I know that this is a weird thing for a space reporter to admit publicly, but here's the truth: I've never had any desire to travel to space.
Let's just say that I've seen one too many rockets explode to make me comfortable with flying up to space.
But I have to say, photos like this one, of an uncrewed Cygnus spacecraft approaching the International Space Station on April 22, make me rethink my hard-line stance against space travel.
It's not that this picture is so much more fantastic than other photos taken from space. It's that this image is so ordinary.

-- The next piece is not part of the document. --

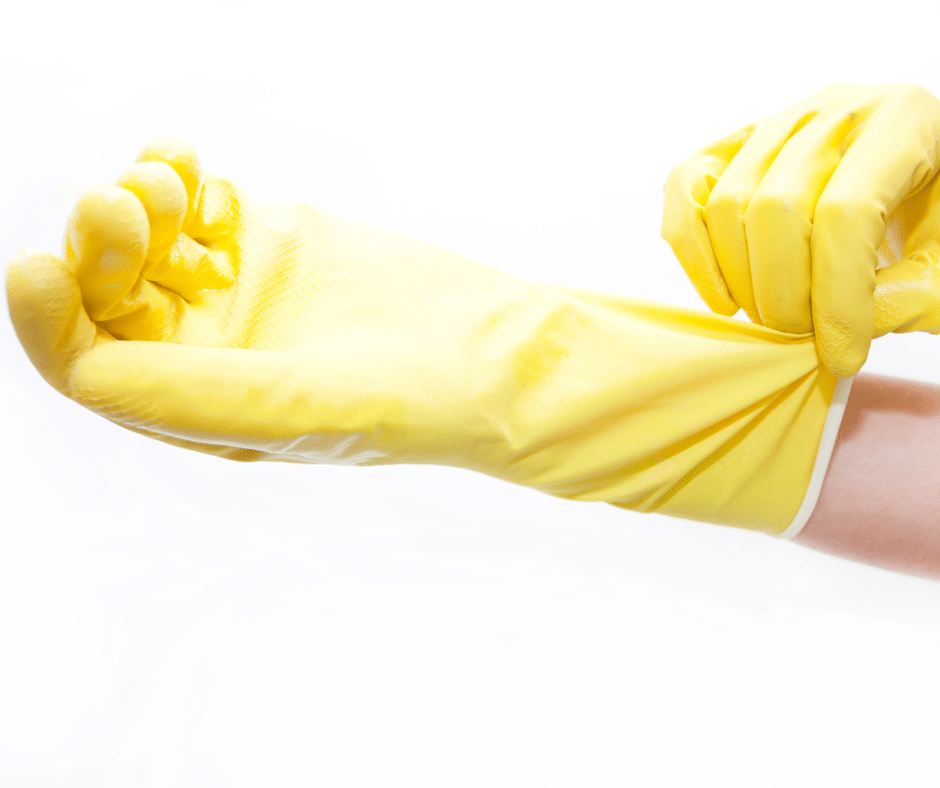 removing pet hair with rubber gloves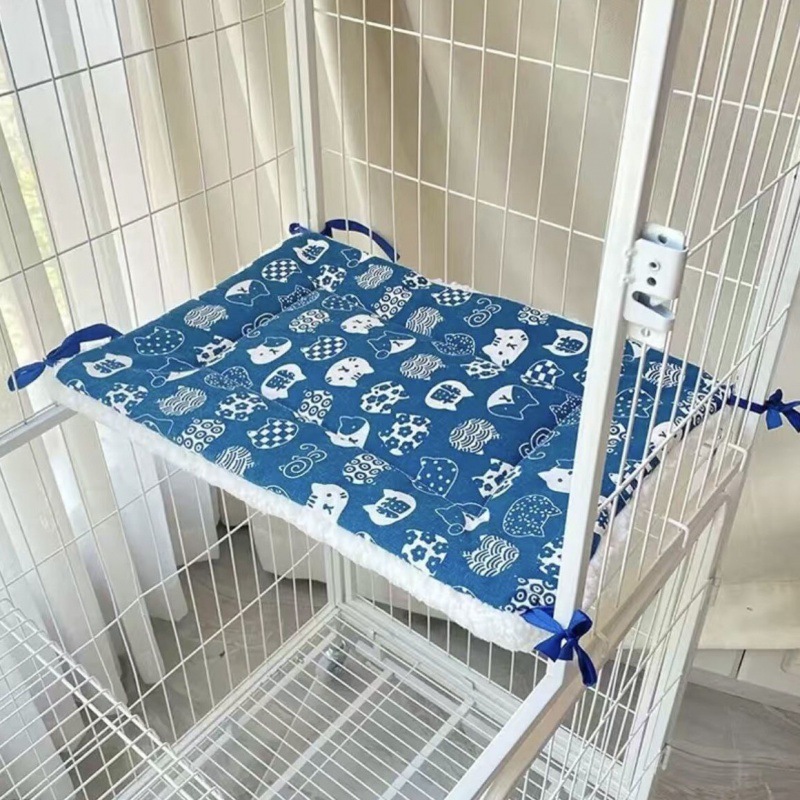 V888-ELOSUNG22835-202504141347-00 Tie-On Cat Cage Platform Pad - white cat pattern on Blue background (30x75cm) - Image 1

Clouds and light are constantly shifting on Earth as seen from space, plus astronauts in orbit get about 16 sunrises and sunsets per day. This means that if you fly to the Space Station, you'll have the chance to see this kind of view (probably without the spacecraft in the middle of it) multiple times every 24 hours.
That's unbelievably cool.
The funny thing is, however, even this photo represents the darker side of spaceflight in some way.
Another Cygnus spacecraft, which made it to the launch pad in 2014, was destroyed when the rocket carrying it exploded. Orbital ATK, the company that builds the Cygnus, has successfully sent other cargo ships to orbit in the three years since that accident, but the explosion represented a major setback for the private company.
But hey, at least they're back in action and giving astronauts views like this one to send back home.